◆ **PROBLEM TO SOLVE**
Below, some lines carry pictures; leave those pictures out and retype exactly the lines from the one with "Welcome to my" through the one with "Before we get".
[Opening RECORD SET section]
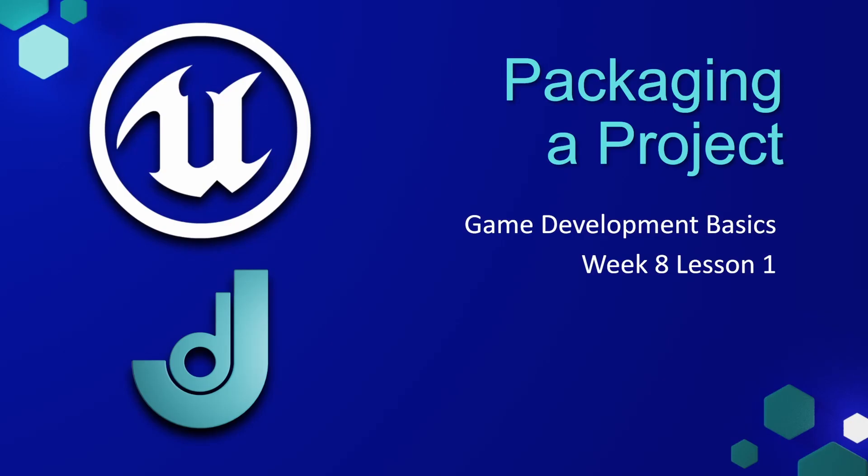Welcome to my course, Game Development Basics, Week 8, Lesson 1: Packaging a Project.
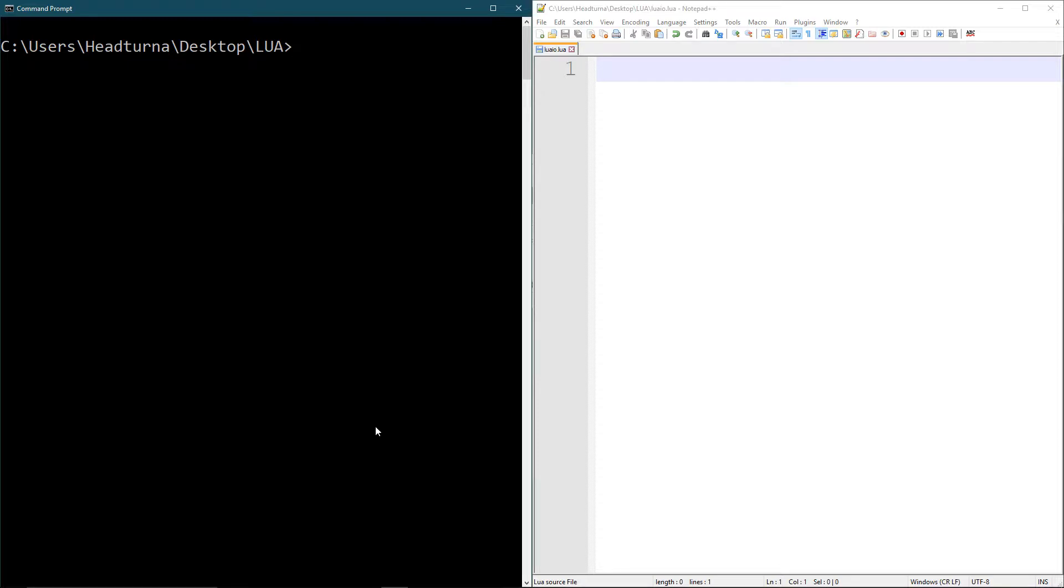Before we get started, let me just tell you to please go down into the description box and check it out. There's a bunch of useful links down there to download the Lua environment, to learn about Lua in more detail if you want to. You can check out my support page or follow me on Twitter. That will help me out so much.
[Closing RECORD SET section]
[Opening RECORD SET section]
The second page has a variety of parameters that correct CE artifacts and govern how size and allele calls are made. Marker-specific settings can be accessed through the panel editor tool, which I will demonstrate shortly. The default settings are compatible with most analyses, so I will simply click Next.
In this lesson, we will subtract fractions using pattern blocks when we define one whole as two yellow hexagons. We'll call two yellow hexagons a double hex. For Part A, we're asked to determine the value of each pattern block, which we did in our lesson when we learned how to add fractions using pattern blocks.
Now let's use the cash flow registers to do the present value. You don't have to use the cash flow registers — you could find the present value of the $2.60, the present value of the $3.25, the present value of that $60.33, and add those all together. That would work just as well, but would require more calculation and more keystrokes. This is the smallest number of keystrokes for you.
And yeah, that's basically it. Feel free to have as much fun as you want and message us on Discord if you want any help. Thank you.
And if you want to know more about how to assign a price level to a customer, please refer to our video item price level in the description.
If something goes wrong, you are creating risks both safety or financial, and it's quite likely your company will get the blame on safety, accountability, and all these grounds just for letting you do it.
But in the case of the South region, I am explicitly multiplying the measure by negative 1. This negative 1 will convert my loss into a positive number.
[Closing RECORD SET section]
◆ **SOLVED EXERCISE**
Welcome to my course, Game Development Basics, Week 8, Lesson 1: Packaging a Project.
Before we get started, let me just tell you to please go down into the description box and check it out. There's a bunch of useful links down there to download the Lua environment, to learn about Lua in more detail if you want to. You can check out my support page or follow me on Twitter. That will help me out so much.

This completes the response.